Des conséquences désastreuses qu'entraîne pour le prince, ou pour l'État, la prépondérance de l'argent sur les richesses naturelles. -- Ce n'est pas avec de l'argent, en réalité, que le souverain entretient les armées de terre et de mer, et rétribue tous les services publics. -- Nécessité de demander à la terre tout ce qu'elle peut produire, et de ne pas refuser des moyens de subsistance aux travailleurs, puisque la richesse, et l'impôt par conséquent, n'ont d'autres principes que la terre et le travail de l'homme. -- Opposition des intérêts du souverain et des gens de finances. -- L'argent bienfaisant et l'argent criminel. -- Le retour aux lois de la justice et de la raison rétablirait immédiatement l'harmonie sociale. -- Double tableau des effets contraires de l'ordre et du désordre économiques. -- Conclusion de ce Mémoire.

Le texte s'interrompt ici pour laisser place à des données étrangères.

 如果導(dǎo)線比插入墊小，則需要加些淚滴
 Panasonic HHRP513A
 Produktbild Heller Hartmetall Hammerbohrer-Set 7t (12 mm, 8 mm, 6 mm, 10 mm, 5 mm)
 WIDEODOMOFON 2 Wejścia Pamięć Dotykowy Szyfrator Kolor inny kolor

Les princes dans les États desquels se passe ce dérangement, ou plutôt ce bouleversement de la nature de l'argent, qui met tout en combustion, et en quelque manière rez-pierre rez-terre, sont constamment les plus malheureux.

Comme cela ne se peut opérer et ne s'opère même que par des intérêts indirects, qui n'ont pas un droit naturel à la chose, les sujets se mettent peu en peine de ce que doit coûter à tout un corps d'État un bien qu'ils n'auraient pu jamais acquérir d'une façon légitime.

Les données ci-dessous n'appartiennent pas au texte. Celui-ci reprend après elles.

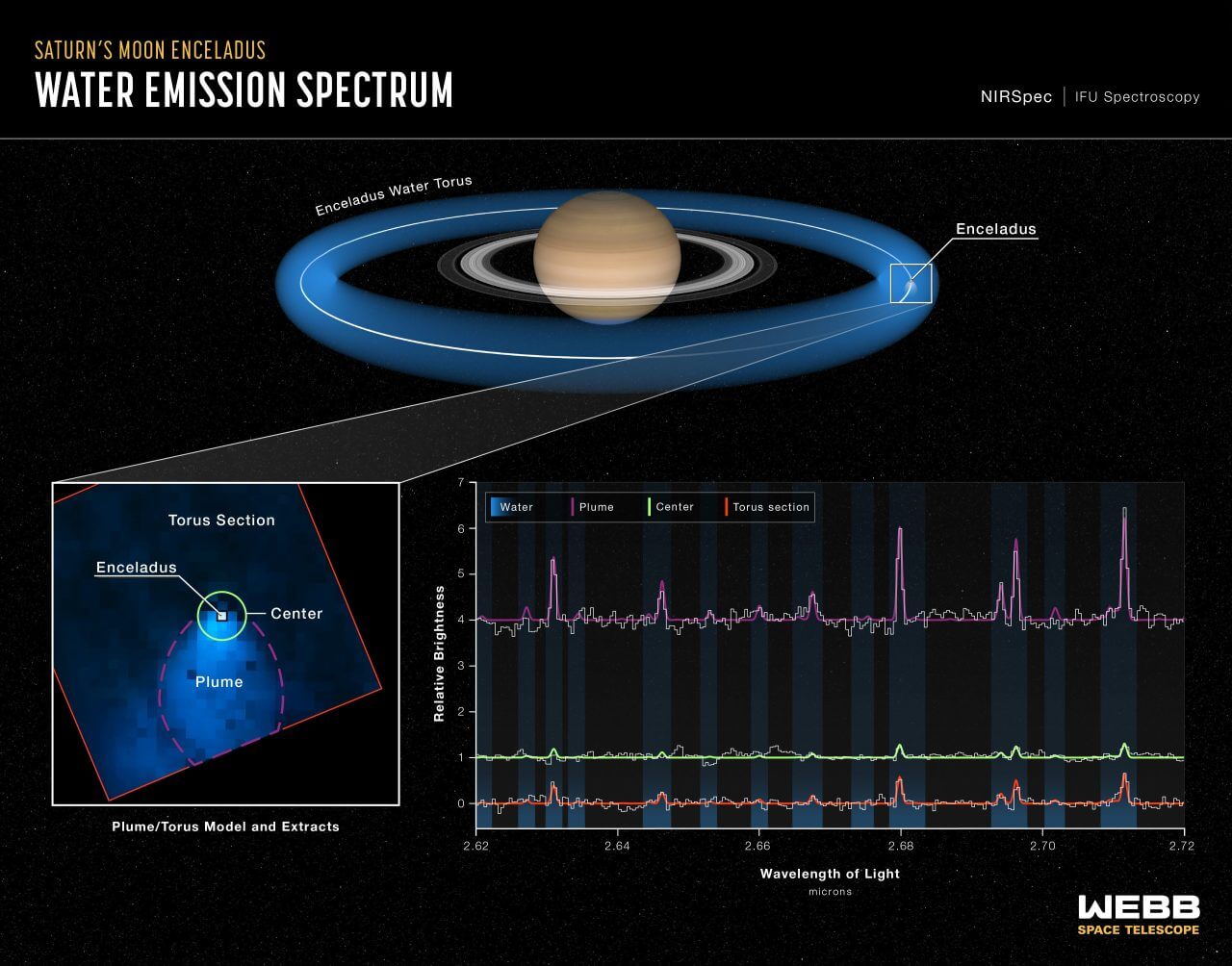 【▲ 土星を取り囲む水のトーラスの位置とスペクトルのデータを示した図（Credit: Science: Geronimo Villanueva (NASA-GSFC); Illustration: NASA, ESA, CSA, STScI, Leah Hustak (STScI)）】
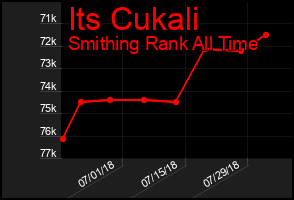 Total Graph of Its Cukali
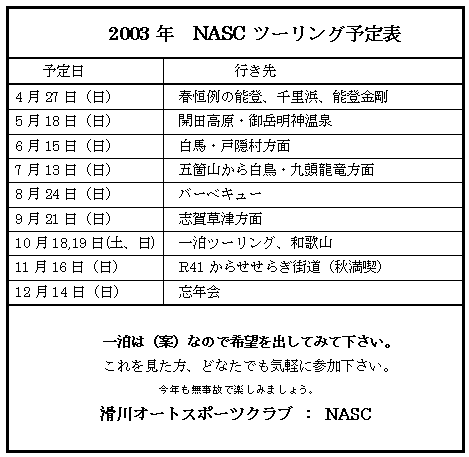 Plan Graphical Image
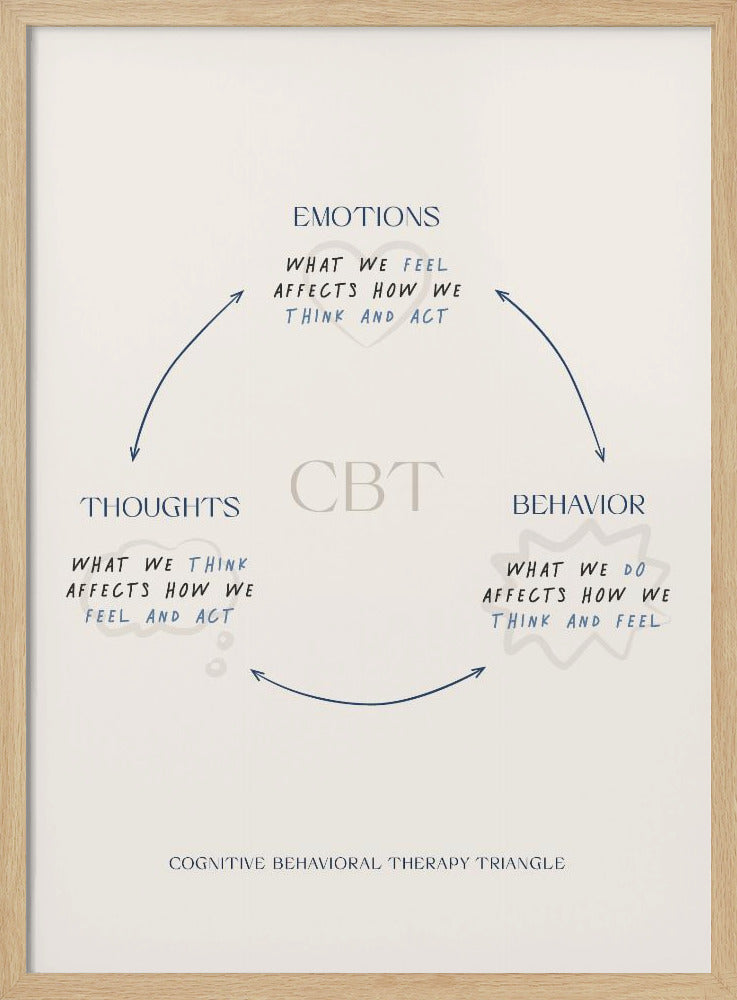 Cbt Poster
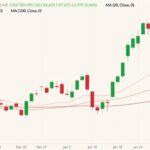 cme april lean hogs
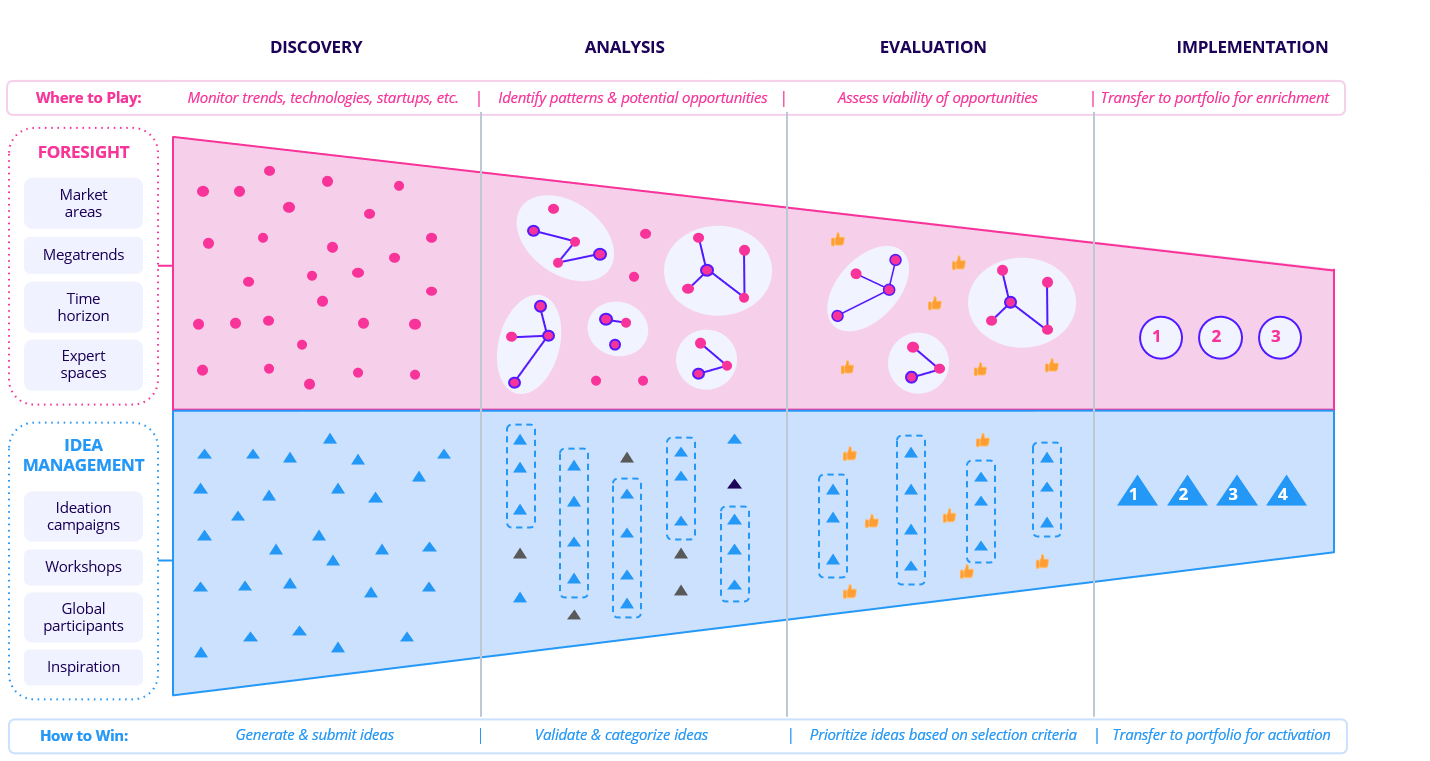 2023-KSB-Case-Study-Process-Visual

Mais il s'en faut beaucoup que l'on doive faire le même raisonnement des souverains : non-seulement ils n'ont pas besoin de crime pour acquérir et subsister, leur maintien étant de droit divin et humain, mais même toutes les pertes que les particuliers souffrent, ou plutôt tout le corps d'État, pour former par une infinité d'anéantissements ces précis criminels, retombent sur leur propre personne.

Ils sont les premiers propriétaires et les possesseurs éminents, en termes de philosophie, de tous les fonds, et sont riches ou pauvres à proportion qu'ils sont en valeur.

C'est de la part qu'on leur fait des fruits qu'ils soutiennent leur grandeur et entretiennent leurs armées, et non pas de la destruction de toutes ces choses, comme l'on a malheureusement pratiqué en quelques contrées.

Ainsi un écu, à leur égard, ne vaut jamais qu'autant qu'eux ou ceux qui sont à leur solde, s'en peuvent procurer de pain, de vin ou des autres denrées ; et sans les incommodités du transport, ils seraient tout disposés à donner la préférence à ces choses en essence, pour lesquelles seules ils veulent avoir de l'argent, et savent bien pareillement que leurs sujets ne leur en peuvent donner que par le débit de ces mêmes denrées.